As for the relevance of the term “military-industrial complex,” it is more a question of linguistic preference than a reflection on the continuing influence of the arms lobby. Krugman is right to point out that U.S. involvement in the wars in Gaza and Ukraine is not being done at the behest of weapons makers seeking a big payday. But the big contractors are poised to profit from current wars, and their services don’t come cheap.

More importantly, the arms lobby has exploited the war in Ukraine to press for special favors that have nothing to do with defending that country: cushy multi-year contracts; reduced scrutiny that will enable more price gouging, cost overruns and performance problems; rushing arms sales out the door with less vetting of their human rights and strategic impacts; and supersizing the arms manufacturing base at taxpayer expense.

Whether you call it the MIC, the arms lobby, or the Salvation Army, the big weapons makers and their allies in Congress and the Pentagon have as much or more power and influence now as they did when Eisenhower left office.

The MIC, or whatever Paul Krugman chooses to call it, is still a lobbying powerhouse.
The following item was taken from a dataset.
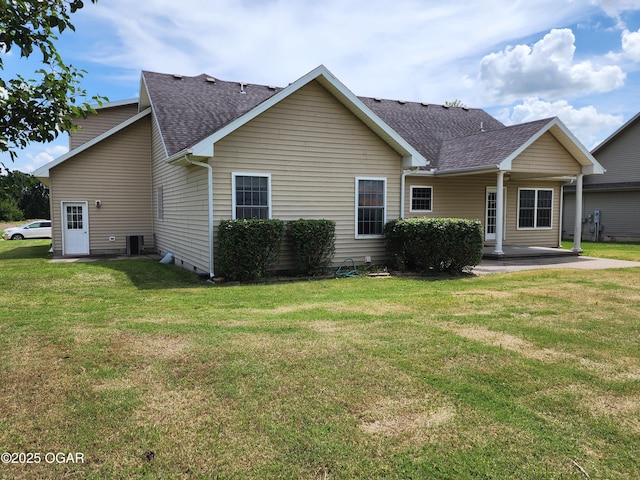 1502 E 7th St, Lamar, MO 64759 - rear view of house with roof with shingles and a lawn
Lockheed Martin and its cohort routinely team up with key members of Congress to add more money to the Pentagon budget than the department even asks for, mostly for weapons that are built in the states of those officials. It is a classic case of special interests overriding the national interest.

In pursuit of these excess funds, which can amount to tens of billions of dollars each year, the industry brings its impressive lobbying machine to bear. The arms industry makes tens of millions of dollars in campaign contributions every election cycle, with a focus on members of the armed services and defense appropriations panels. And the sums spent are not small. House Armed Services Committee chair Mike Rogers (R-Ala.) received half a million dollars in weapons industry contributions in the most recent election cycle, with other key members not far behind.

The arms sector spends even more on lobbying than it does on campaign contributions, employing over 800 registered lobbyists in all — more than one for every member of Congress. Most of these lobbyists have come through the revolving door from senior positions in Congress or the Pentagon, and they use their connections with former colleagues to curry favor for their corporate employers.

For example, a recent study that my colleague Dillon Fisher and I did for the Quincy Institute found that 80 percent of four-star generals and admirals who retired in the past five years went to work on behalf of the arms industry in one form or another: as board members, lobbyists, executives, consultants, or advisers to firms that invest heavily in the arms sector.

Can we afford to spend more on the Pentagon? Technically yes, but it would come at a high price, reducing our capacity to address other urgent national needs. The $12 to $13 billion the Pentagon spends every year on the overpriced, dysfunctional F-35 combat aircraft is more than the entire annual budget of the Centers for Disease Control. And in one recent year, Lockheed Martin received more federal funding than the State Department and the Agency for International Development combined. The Pentagon consumes well over half of the federal discretionary budget which is the part of the budget that is available for public investment. Environmental protection, public health, job training, criminal justice and other basic functions of government have to compete for what’s left after the Pentagon gets its oversized share of the pie.

I do agree with Krugman on one point: “By all means, let’s have a good faith argument about how much America should spend on its military.” But a thorough, balanced debate that actually leads to beneficial changes in spending and strategy will be extremely difficult to carry out without curbing the influence of the military-industrial complex.